• **EXERCISE DESCRIPTION**: Every entry below must be retyped exactly, and the pictures must be left out.

• **DATA PROVIDED**:

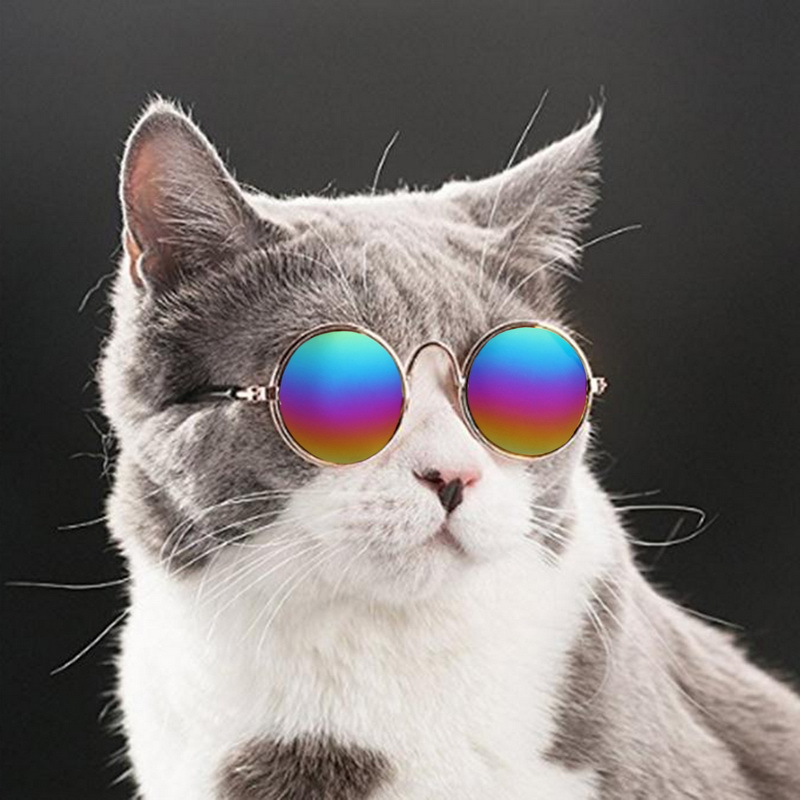 1pc søde runde briller lille kæledyr hund kattebriller solbriller øjenbeskyttelse kæledyr seje briller kæledyr fotos rekvisitter 8 farver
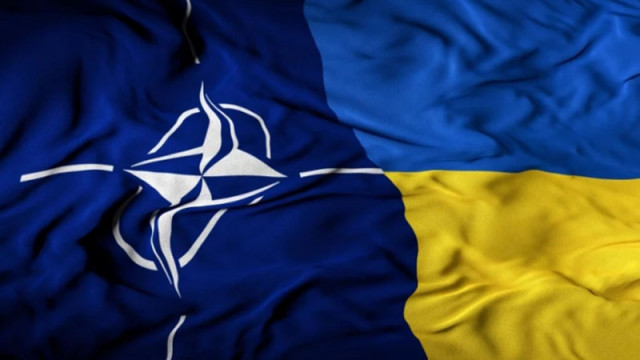 Постоянният комитет на Парламентарната асамблея на НАТО реши да създаде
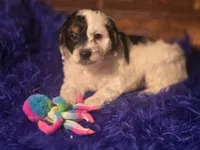 Panda, a male Cockapoo for sale in Hardy, AR – Photo 5 of 8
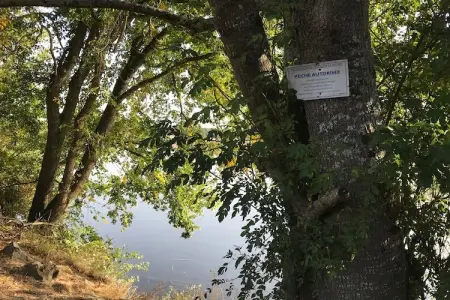 Villa Piscine Bourgogne 10 pers, Magnifique demeure avec piscine en Bourgogne - Photo 36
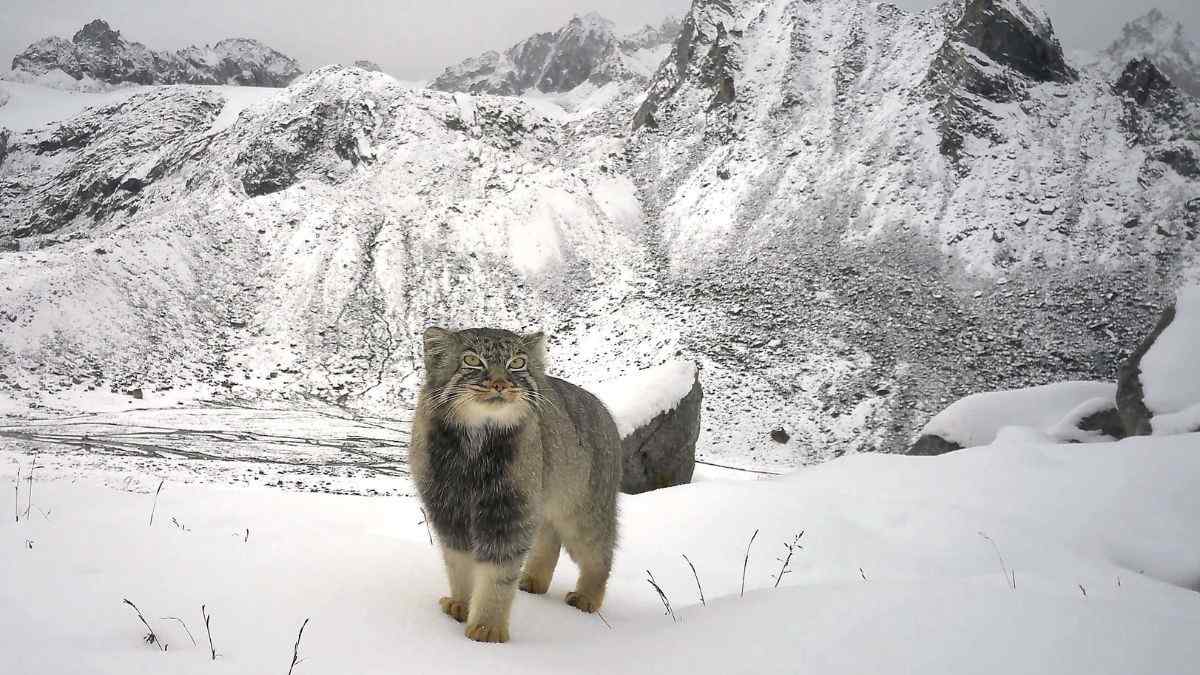 6 Wild Cat Species, Including The Rare Pallas’s Cat, Discovered And Sighted In Arunachal Pradesh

• **ANSWER SECTION**:
 1pc søde runde briller lille kæledyr hund kattebriller solbriller øjenbeskyttelse kæledyr seje briller kæledyr fotos rekvisitter 8 farver
 Постоянният комитет на Парламентарната асамблея на НАТО реши да създаде
 Panda, a male Cockapoo for sale in Hardy, AR – Photo 5 of 8
 Villa Piscine Bourgogne 10 pers, Magnifique demeure avec piscine en Bourgogne - Photo 36
 6 Wild Cat Species, Including The Rare Pallas’s Cat, Discovered And Sighted In Arunachal Pradesh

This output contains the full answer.